Teenage Fanclub followed Bandwagonesque with Thirteen in 1993. It saw O’Hare leave the band, and replaced by Paul Quinn, who stayed with the band until 2000, recording on their next three records: Grand Prix, 1995; Songs from Northern Britain, 1997, jokingly titled in reference to the Britpop scene and those who saw the band as part of it; and Howdy, 2000. Love left the band in 2018, due to a difference in opinion on touring plans, reluctant to frequently fly around the world for live performances. Teenage Fanclub released their 12th studio album, Endless Arcade, in April 2021, on PeMa.  
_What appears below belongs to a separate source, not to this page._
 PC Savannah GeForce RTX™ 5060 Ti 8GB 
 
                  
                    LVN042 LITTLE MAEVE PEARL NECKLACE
Although Teenage Fanclub never went on to have the same musical legacy as the bands they beat in SPIN’s album of the year, it didn’t matter, it never did. The quiet success of Teenage Fanclub can be seen in the love that exists for the band and for Bandwagonesque. There were never any egos, no big plan for fame and stardom, it was only ever about the music, and this is evident when listening to Bandwagonesque. It’s a record that is reliable, it makes you feel safe as a listener, assured that for the next 40 or so minutes everything is going to be alright, as Teenage Fanclub pull you into their distinctively delicious melodies. It’s a record you can depend on to make you feel better, even now 30 years on from its release.